I'm a 19 year old girl and have been "shy" with varying degrees throughout my whole life. My anxiety really started to get bad during my junior year of high school. A teacher would ask me a question and I would start trembling and quietly say "I don't know.." just so I wouldn't possibly give the wrong answer and have someone think bad of me (especially in math class). I wouldn't even be able to write a straight line afterwards, I was trembling so much! I would skip school and somehow I wormed my way around speeches and mock interviews. I still don't know how I got through it..
I graduated high school and was too nervous to apply to any "real" colleges so I went to community college for a semester. It was while I was going there that my anxiety became crippling. I remember a time that I was asked what I was doing for a project by a teacher and I couldn't get the words out. My heart was racing so fast and my face was red. I couldn't even think and it felt like time had froze.
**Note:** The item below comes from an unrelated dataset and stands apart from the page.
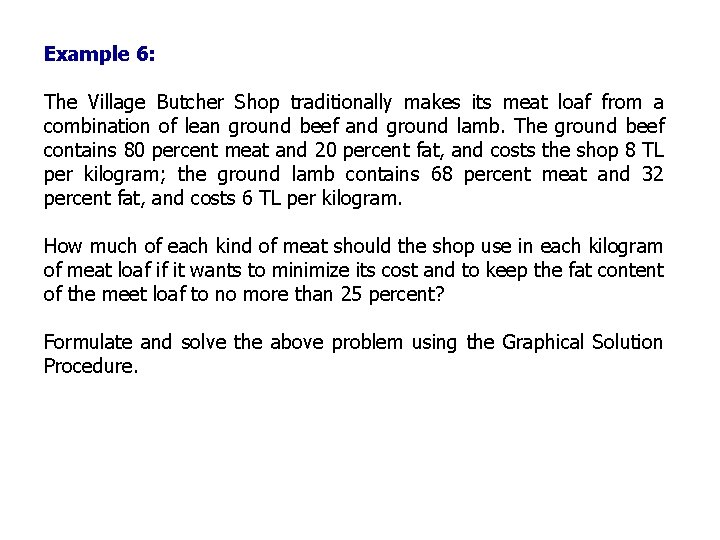 Example 6: The Village Butcher Shop traditionally makes its meat loaf from a combination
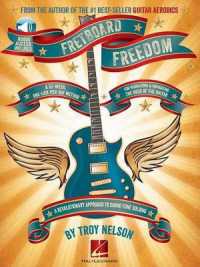 Fretboard Freedom : A 52-Week, One-Lick-Per-Day Method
I would constantly feel nauseous and terrified before going to class, from the first one all the way to the very last class. It was too much for me and I decided to not go another semester.

I've been pretty much bumming around for a year, depending on my parents. I've never had a job and can't attend school so I feel a lot of shame about how others view me, especially when distant family members/friends ask "So what are you doing with your life?" It's so embarrassing to say "Ooh, I'm thinking about going to school when I get the money, I'm looking for a job with no luck, etc.." I've even tried to go the honest route and say that I have SA. Of course that didn't work because I was told to "just get over it" by my sister, which upset me pretty bad. It seems like almost no one understands. I feel like I can't express in words how depressed this makes me feel. It seems like I can't talk to anyone, not even my family. I've tried to talk to my boyfriend about it but he also says to just get over it and that I'm creating a problem. I'm not sure if I'm breaking the forum rules by saying this, but I have felt suicidal for about once a day for a long time now. Mainly because I can't connect with any human beings around me and I feel like a huge burden. No one really cares about me.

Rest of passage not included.